Published: 20 June 2011



Sepsis is a complex immunological response to infection characterized by early hyper-inflammation followed by severe and protracted immunosuppression, suggesting that a multi-marker approach has the greatest clinical utility for early detection, within a clinical environment focused on Systemic Inflammatory Response Syndrome (SIRS) differentiation. Pre-clinical research using an equine sepsis model identified a panel of gene expression biomarkers that define the early aberrant immune activation. Thus, the primary objective was to apply these gene expression biomarkers to distinguish patients with sepsis from those who had undergone major open surgery and had clinical outcomes consistent with systemic inflammation due to physical trauma and wound healing.


This was a multi-centre, prospective clinical trial conducted across four tertiary critical care settings in Australia. Sepsis patients were recruited if they met the 1992 Consensus Statement criteria and had clinical evidence of systemic infection based on microbiology diagnoses (n = 27). Participants in the post-surgical (PS) group were recruited pre-operatively and blood samples collected within 24 hours following surgery (n = 38). Healthy controls (HC) included hospital staff with no known concurrent illnesses (n = 20). Each participant had minimally 5 ml of PAXgene blood collected for leucocyte RNA isolation and gene expression analyses. Affymetrix array and multiplex tandem (MT)-PCR studies were conducted to evaluate transcriptional profiles in circulating white blood cells applying a set of 42 molecular markers that had been identified a priori. A LogitBoost algorithm was used to create a machine learning diagnostic rule to predict sepsis outcomes.


Based on preliminary microarray analyses comparing HC and sepsis groups, a panel of 42-gene expression markers were identified that represented key innate and adaptive immune function, cell cycling, WBC differentiation, extracellular remodelling and immune modulation pathways.
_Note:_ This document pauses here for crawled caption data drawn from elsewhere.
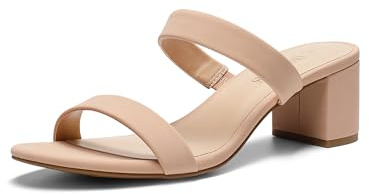 DREAM PAIRS Women's Two Strap Open Toe Low Block Chunky Heels Sandals Dress Pumps Casual Summer Mules Shoes,Size 9,Nude-Nubuck,DHS213-1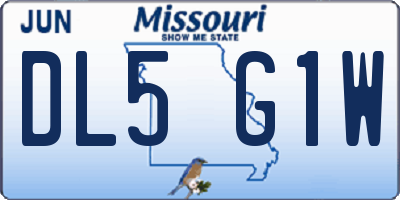 MO license plate DL5G1W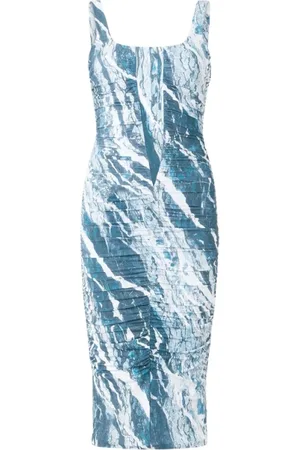 Roberto Cavalli Kjole, Dame, Blå, M, Uld, Marmorprint Midi Kjole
Comparisons against GEO data confirmed the definitive separation of the sepsis cohort. Quantitative PCR results suggest the capacity for this test to differentiate severe systemic inflammation from HC is 92%. The area under the curve (AUC) receiver operator characteristics (ROC) curve findings demonstrated sepsis prediction within a mixed inflammatory population, was between 86 and 92%.


This novel molecular biomarker test has a clinically relevant sensitivity and specificity profile, and has the capacity for early detection of sepsis via the monitoring of critical care patients.